Another Gun, Another Kid

Another gun, another bullet, another fifteen-year-old lay dead in the streets. His body was stretched out on the street where he had fallen. No one thought to cover it. No one knelt beside him. No one held his hand or head or offered a prayer. The loud staccato of police radios, the roaring engine of a passing car, the wailing siren of an approaching ambulance -- these noises masked the silence into which Torrey Milon had descended. Squad cars parked obliquely; their flashing lights swept the street. Uniformed officers paced this way and that. A news photographer bent awkwardly, trying to get the best angle of this scene. Neighbors gathered, but were kept at a distance.

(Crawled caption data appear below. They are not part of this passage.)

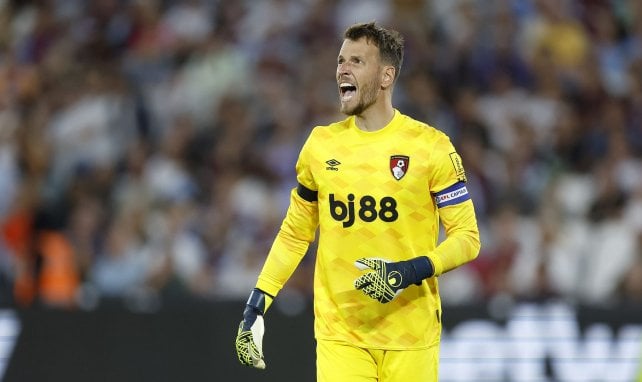 Neto con el Bournemouth.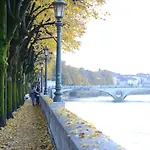Le Flaneur - Vintage 3*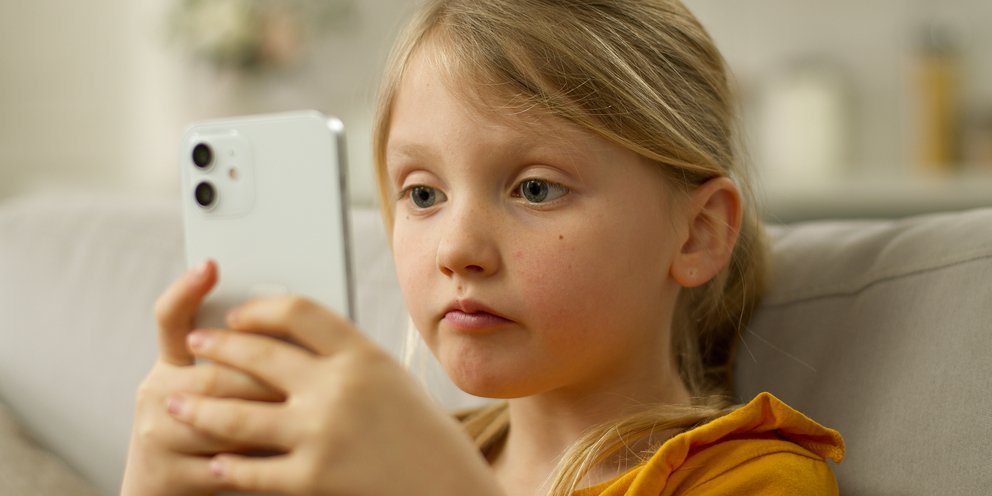 Παιδί με κινητό τηλέφωνο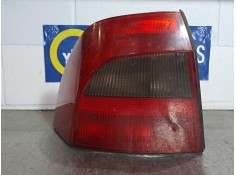 Recambio de piloto trasero izquierdo para opel vectra b fastback (38_) 1.6 i 16v referencia OEM IAM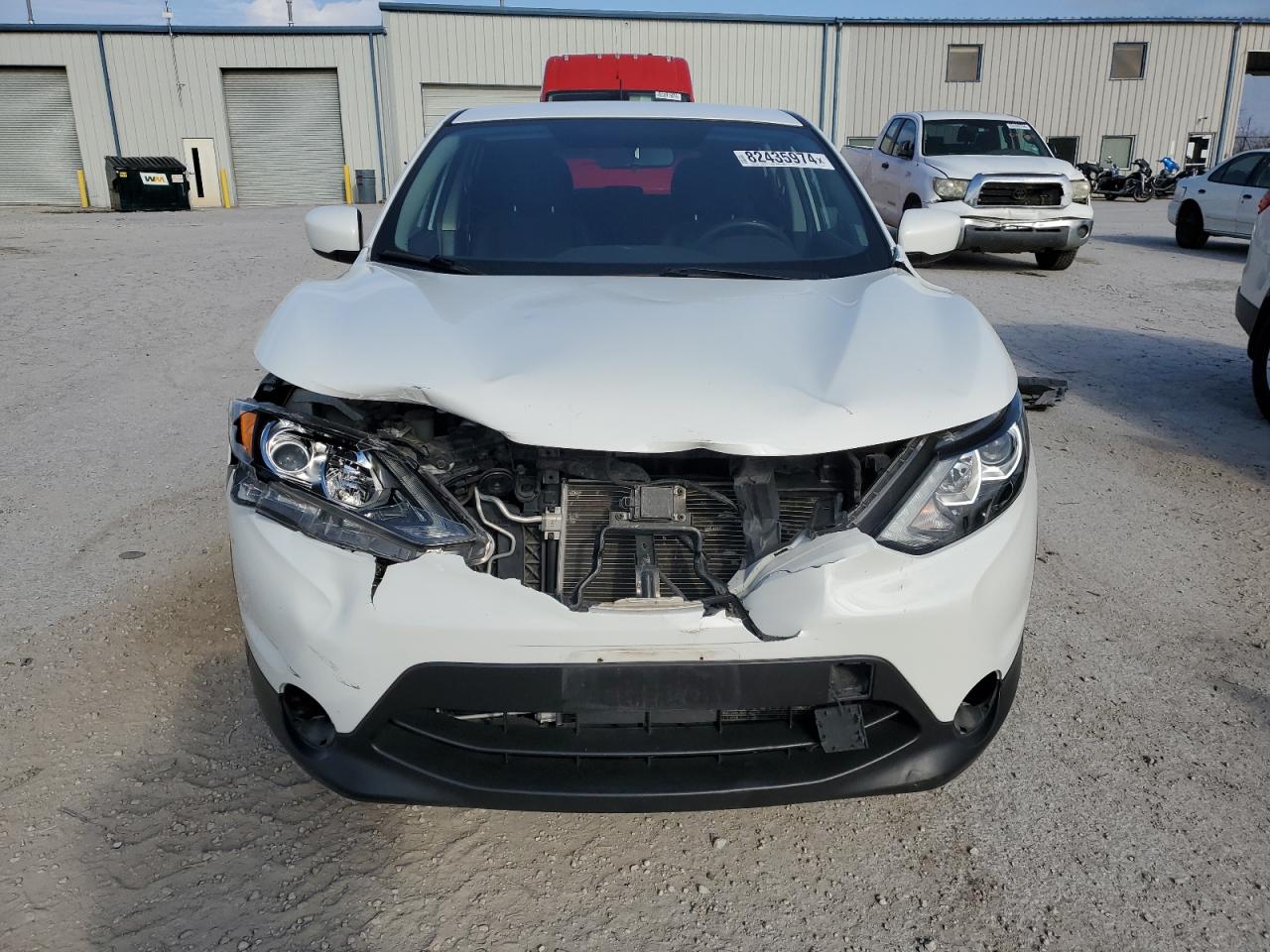 2018 Nissan Rogue - Image 5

A good kid, we are told. A high school freshman, a good student, the son and brother, the nephew and cousin of a loving family. He was biking home from the South Minneapolis community center when he was shot. No obvious reason has emerged. Though his slaying might be “gang-related”, family, friends and neighbors who knew him deny vehemently that he was a member of any gang. (And what difference would it make?) For his family and friends, anguish, grief and the fearful question of “Why?” make this Holy Week especially painful, and Easter problematic.  
At the site where Torrey Milon died, a neighbor erected a wooden cross. He painted on it the words, “Be With God,” and also “Please, we must stop killing each other.” The traffic has been steady at this little shrine in the center of a struggling neighborhood. Kids and adults have stopped, and bus drivers, police officers and total strangers. Figurines and flowers have been placed by the cross, and messages that say, “We miss you,” and “I love you,” and “God bless you.”

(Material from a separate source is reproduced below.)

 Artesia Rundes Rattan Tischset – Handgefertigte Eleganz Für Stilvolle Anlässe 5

The neighbor who placed the cross is Charles Steen, a burly newspaper press operator who also bakes cookies for kids, cops and fire fighters. “I keep thinking that this is my fault and your fault,” he said. “We got caught up in having the nicer car, the better job, and we’ve forgotten the important things. Kids like Torrey are paying the price for our neglect. I had to do something. I didn’t want people to just see bloodstains on the street where the boy had died.” The world needs less rage and more goodies, he believes. “The answer is not more jails, more cops,” he said. The answer is to keep gymnasiums open late at night so kids have constructive places to go. The answer is to hire people to teach kids skills such as how to fix cars or play musical instruments. “The answer,” according to Steen, “is more chocolate chip cookies.”